Rep. Mark Meadows, R-N.C., asked McCarthy: “Were all of his emails preserved according to the Federal Records Act or was a law violated?”
McCarthy responded: “I think we have notified the appropriate authorities that we may have some emails that we cannot produce that we should have kept. I do not know yet whether we can recover all of these or not.” She added later: “We are not sure where the failure came from and what it is attributed to.”
The scene reminds me of Hogan’s Heroes, where McCarthy plays the role of Sargent Schultz, “I know nothing.”
Hard Drive Crash
This hard drive crash supposedly occurred around 2010, the same time the committee began expressing an interest in the emails. I have to question this scenario. A committee hearing is to provide answers to Congress. If Congress begins down the path of reviewing emails, one hard drive crash should not prevent a review of said emails.
In this day and time, any organization should have an Enterprise Wide System, containing rigorous backups. This includes a means to store emails off of individual computers to the backup system.

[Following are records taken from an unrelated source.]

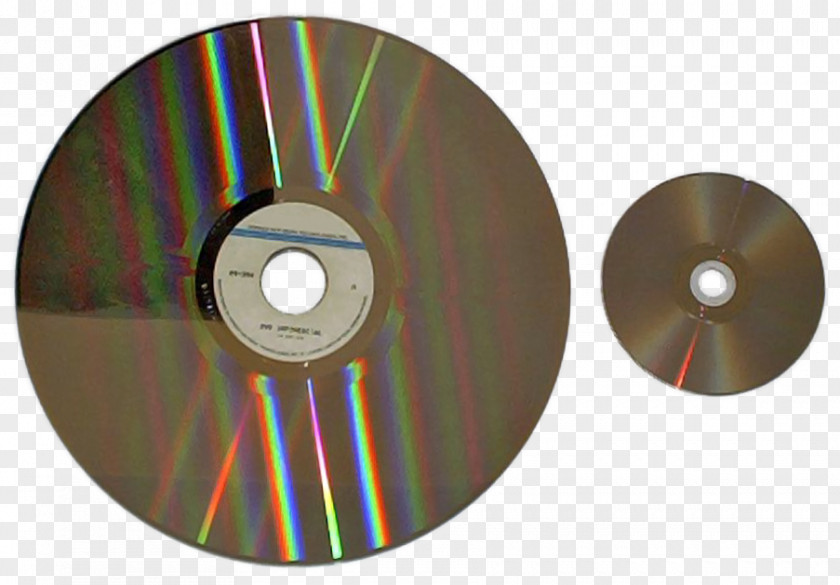 Laser LaserDisc Player Blu-ray Disc DVD VHS PNG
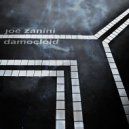 Joe Zanini - Swirl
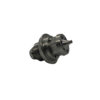 Binks 45-6601, 66SS Fluid Nozzle (1.8mm)
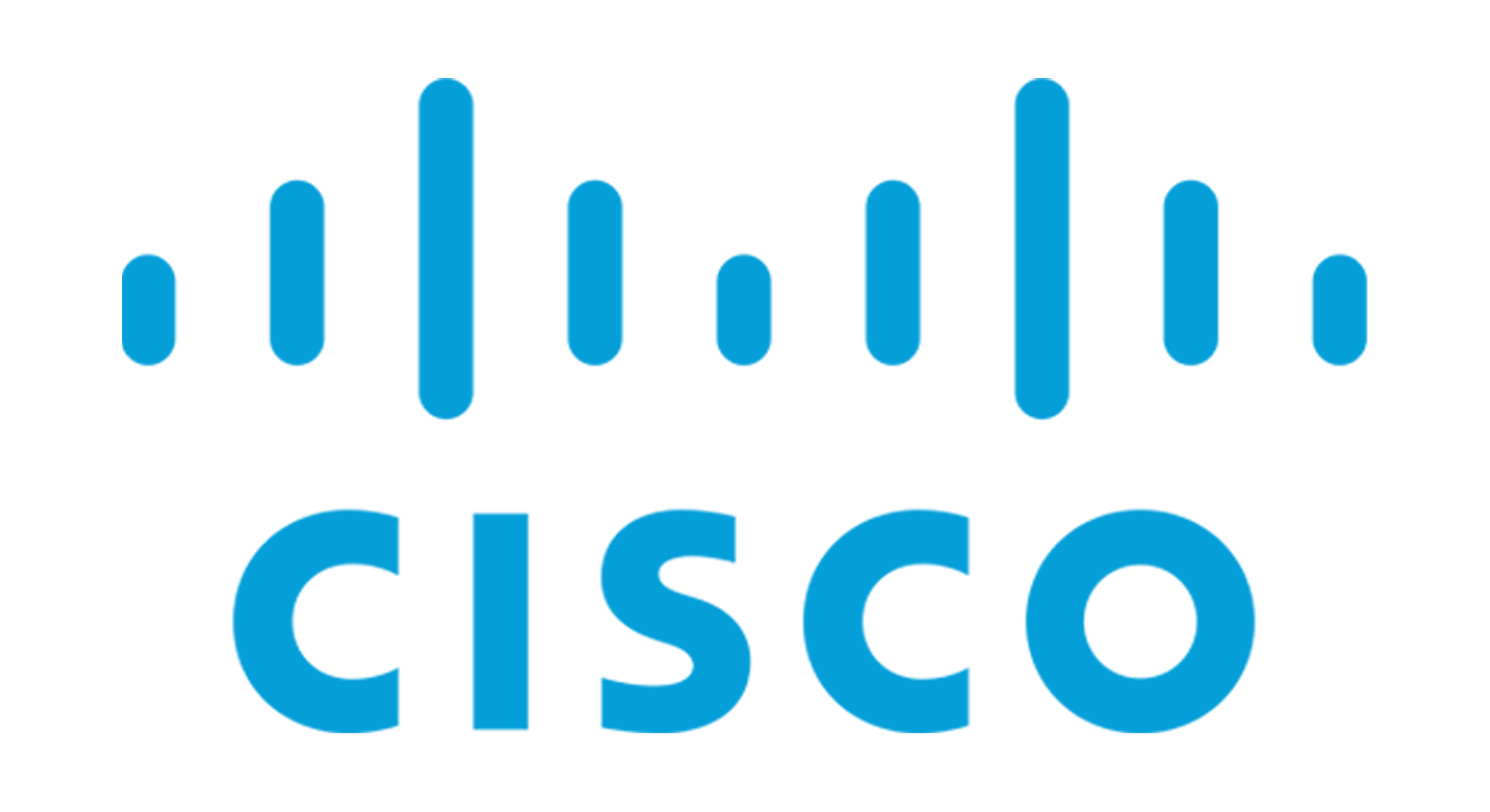 /cisco.png-logo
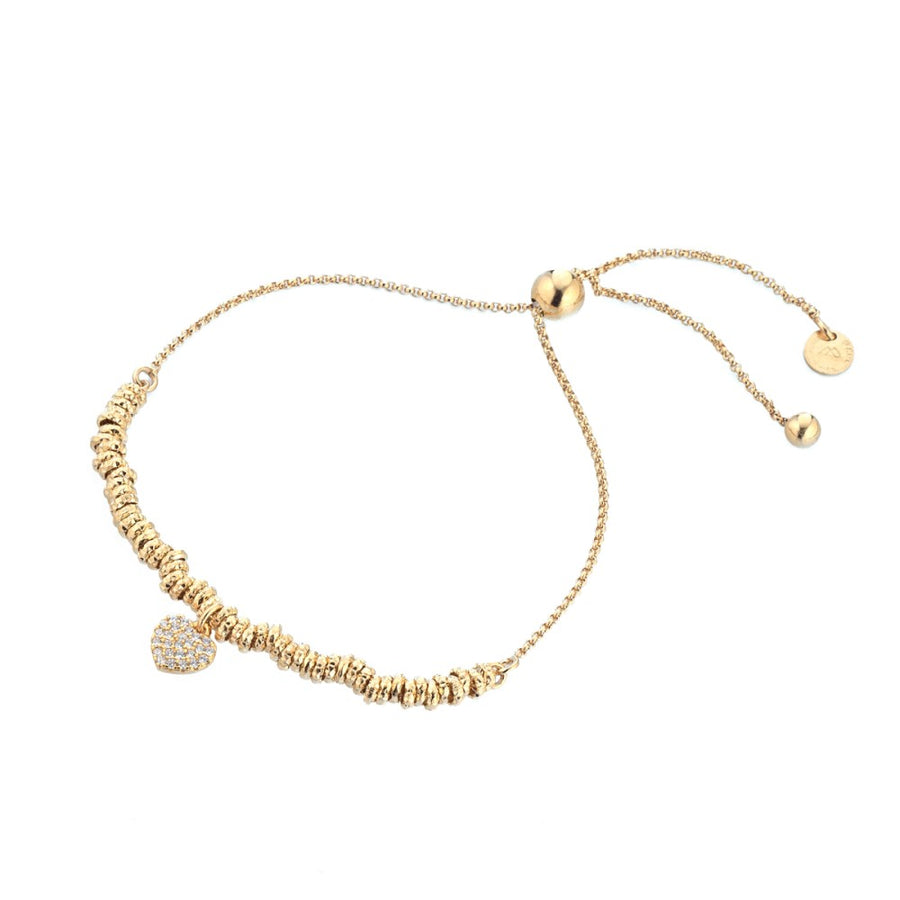 Bracciale Argento 925 Marcello Pane BRML016 Marcello Pane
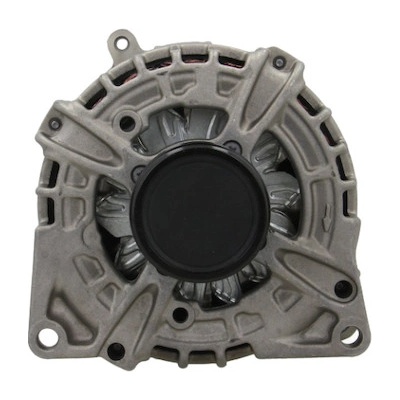 Alternátor Mercedes 175A 0125711068 SEG New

According to the National Archives;
“Recordkeeping requirements” are defined as all statements in statutes, regulations, and agency directives or authoritative issuances, that provide general and specific requirements for Federal agency personnel on particular records to be created and maintained by the agency (36 CFR 1220.14). Recordkeeping requirements should be outlined in procedural manuals and other issuances that specify which records need to be included in agency files or other recordkeeping systems.
The reason Meadows specified the Federal Records Act, was due to the understanding of keeping and maintaining these records.
Under the Act, each federal agency is required to make and preserve records that (1) document the organization, functions, policies, decisions, procedures, and essential transactions of the agency and (2) provide the information necessary to protect the legal and financial rights of the government and of persons directly affected by the agency’s activities. The Act defines a federal record without respect to format. Records include all books, papers, maps, photographs, machine-readable materials, or other documentary materials, regardless of physical form or characteristics, made or received by an agency of the government under federal law or in connection with the transaction of public business and preserved or appropriate for preservation by that agency as evidence of the organization, functions, policies, decisions, procedures, operations, or other activities of the government or because of the informational value of data in them.
When the excuse of one hard-drive crash is used by McCarthy, we shouldn’t accept it.
Rep. Mark Meadows, R-N.C., was incredulous:
“Two different government agencies tried to convince Congress and the American people this week that emails disappear into thin air. We didn’t believe it when we heard it from the IRS and I’m not inclined to believe the EPA’s excuses. The Federal Records Act is very clear. This is either willful ignorance on the part of the EPA or gross incompetence. I hope the EPA will follow through and turn over the relevant information it promised to the Oversight Committee months ago.”